At the other end of the day, the commute home seems to involve a similar percentage of people fouling themselves by reading the London Evening Standard. And what a hunk of crap that paper is. Maybe I’m just looking through the rose-tinted Ray-Bans of nostalgia, but I’m sure the Standard wasn’t always this odious.

I don’t ever buy the bloody thing, but I can’t help but glance at it over people’s shoulders every now and then. And when I do, I wish I had the eyes of Ray Charles to protect me.

Page after page of not-particularly-newsworthy minutiae, the obligatory coverage of the latest Leicester Square film premiere, the heart-blackening slice-of-life tales, Brian Sewell…just pointless cack. But I can live with all that. What I really object to is the excessive scaremongering by co-opting Bush’s nebulous concept of “terrorism”. The front page screeches variations on “TUBE TERROR SCARE” in bland fonts, with irritating regularity. We know the inherent risks of living and working in a city that is targeted by a bunch of extremists (like Tony Blair), but we don’t need to have mass hysteria whipped up every time someone leaves a bag on the Tube. It’s irresponsible to terrorise your own citizens like that.
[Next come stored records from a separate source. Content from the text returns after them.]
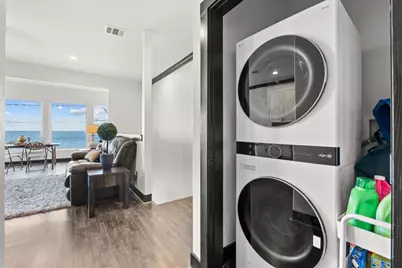 4514 Boulevard Street, Bacliff, TX 77518 - Photo 33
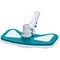 Image Cap de aspirator cu perie Bestway 58282 pentru piscină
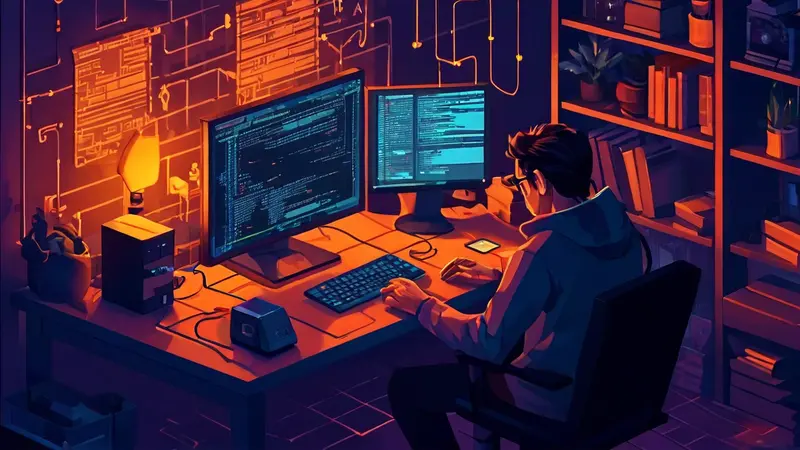 python如何生成嵌套列表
Nothing wrong with measured and well-considered caution and awareness, but Standard journalism doesn’t fit into this category.

Amongst the national newspapers we have a broad range of formats, content and viewpoints, and we all have the option to choose one from the selection. The tabloids might just be the tits-and-bingo papers, but they don’t pretend to be anything else. And if you do want something else, there is a choice.

Our city has only one single, solitary daily paper, and it’s evil, lowest-common-denominator shit. London is one of the greatest cities in the world, and we should have a great newspaper that reflects that. Are Londoners not under-stimulated and bullshitted enough in their working days that they need to pay for the privilege of being intellectually shat on on their way home?